Two tweets from U.S. President Donald Trump on Sunday shattered the former, sending emerging markets into a tailspin, even as the latter still holds true. China’s yuan plummeted on Monday and its main stock index sank the most in more than three years, dragging assets including South Africa’s rand and Turkish stocks down with them.
The retreat suggests that weeks of positive comments from U.S. and Chinese negotiators had led investors to get complacent over the outlook for an agreement. The MSCI Emerging Markets stock index has climbed more than 10 percent this year, while a Bloomberg Barclays index of developing-nation dollar debt has advanced 6 percent.
“This is reality checking in,” said Per Hammarlund, chief emerging-market strategist at SEB AB in Stockholm. “Even if they do reach an agreement -- and I think they will -- the risk of a delay is quite significant. It’s a risk that will linger for the better part of the year and probably into next year as well. The market had pretty much ignored this.”
The rand and Turkish lira -- the two biggest losers globally on Monday -- will be among the hardest-hit currencies, according to Hammarlund, while the Russian ruble may be relatively unscathed.
Stocks could have a long way to fall. The MSCI World with China Exposure Index soared to a record high last month on optimism that a trade deal would boost Chinese demand for imports. That optimism is now looking premature.
Still, some investors saw a buying opportunity in Monday’s rout. Kathryn Rooney Vera, head of research at Bulltick LLC in Miami, recommended the MSCI EM Index, telling Bloomberg TV that an eventual trade accord would spur inflows into the asset class. She saw potential value in Brazil, Mexico and China.
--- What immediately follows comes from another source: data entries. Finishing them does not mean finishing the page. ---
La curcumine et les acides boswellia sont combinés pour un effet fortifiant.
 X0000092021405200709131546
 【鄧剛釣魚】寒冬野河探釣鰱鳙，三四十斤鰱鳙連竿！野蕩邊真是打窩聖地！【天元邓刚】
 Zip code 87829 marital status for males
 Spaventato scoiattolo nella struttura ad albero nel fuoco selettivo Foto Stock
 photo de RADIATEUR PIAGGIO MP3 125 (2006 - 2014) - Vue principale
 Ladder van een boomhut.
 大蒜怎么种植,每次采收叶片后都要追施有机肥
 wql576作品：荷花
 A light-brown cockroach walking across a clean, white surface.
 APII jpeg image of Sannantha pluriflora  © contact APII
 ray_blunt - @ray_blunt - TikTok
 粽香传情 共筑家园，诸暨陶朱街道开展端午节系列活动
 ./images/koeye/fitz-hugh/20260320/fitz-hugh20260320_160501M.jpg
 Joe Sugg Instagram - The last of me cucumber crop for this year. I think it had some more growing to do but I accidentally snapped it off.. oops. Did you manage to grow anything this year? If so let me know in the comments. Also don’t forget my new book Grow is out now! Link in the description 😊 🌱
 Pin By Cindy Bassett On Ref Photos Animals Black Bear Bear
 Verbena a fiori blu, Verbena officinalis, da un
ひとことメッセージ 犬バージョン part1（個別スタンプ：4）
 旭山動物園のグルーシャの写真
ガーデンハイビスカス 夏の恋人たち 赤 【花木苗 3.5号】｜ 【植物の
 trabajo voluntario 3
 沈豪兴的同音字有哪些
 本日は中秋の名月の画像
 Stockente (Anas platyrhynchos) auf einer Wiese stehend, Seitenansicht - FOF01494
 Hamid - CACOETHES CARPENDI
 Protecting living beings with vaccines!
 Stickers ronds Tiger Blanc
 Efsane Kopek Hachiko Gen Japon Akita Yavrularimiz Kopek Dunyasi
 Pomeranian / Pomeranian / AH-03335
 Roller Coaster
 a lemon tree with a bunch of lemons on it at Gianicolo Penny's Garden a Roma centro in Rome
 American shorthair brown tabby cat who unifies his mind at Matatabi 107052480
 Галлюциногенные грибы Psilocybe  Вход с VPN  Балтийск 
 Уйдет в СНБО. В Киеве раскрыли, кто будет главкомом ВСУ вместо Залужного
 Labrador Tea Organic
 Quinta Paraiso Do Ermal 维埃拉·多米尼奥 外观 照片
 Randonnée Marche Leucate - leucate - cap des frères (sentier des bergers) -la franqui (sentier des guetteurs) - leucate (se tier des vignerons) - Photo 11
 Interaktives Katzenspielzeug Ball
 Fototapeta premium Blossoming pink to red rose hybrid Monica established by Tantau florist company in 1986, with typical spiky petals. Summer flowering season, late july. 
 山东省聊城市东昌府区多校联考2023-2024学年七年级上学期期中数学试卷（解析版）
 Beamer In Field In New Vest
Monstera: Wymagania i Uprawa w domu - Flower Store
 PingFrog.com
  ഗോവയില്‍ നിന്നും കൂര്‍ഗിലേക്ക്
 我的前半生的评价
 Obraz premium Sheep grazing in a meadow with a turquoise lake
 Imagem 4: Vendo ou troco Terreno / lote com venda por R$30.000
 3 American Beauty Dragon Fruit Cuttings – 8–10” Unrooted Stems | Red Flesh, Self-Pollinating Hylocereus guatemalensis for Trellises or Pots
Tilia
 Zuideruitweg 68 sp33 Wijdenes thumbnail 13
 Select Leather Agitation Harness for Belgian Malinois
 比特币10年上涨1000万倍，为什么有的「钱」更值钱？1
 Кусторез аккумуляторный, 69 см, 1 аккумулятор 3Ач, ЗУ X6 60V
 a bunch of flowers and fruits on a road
Following Monday’s slump, the gap between valuations based on future earnings for the S&P 500 Index and the emerging-market measure widened to the most since November.
How markets move in the coming weeks may now depend on whether there’s much bite behind Trump’s bark, according to Societe Generale SA.
“The news in the past 12 hours has thrown a monkey wrench” into the theme that a stable yuan would anchor developing-nation assets as a whole, said Jason Daw, a SocGen analyst in Singapore. “The market was basically fully priced for a positive outcome on the U.S.-China trade talks given the prior positive comments from both sides.”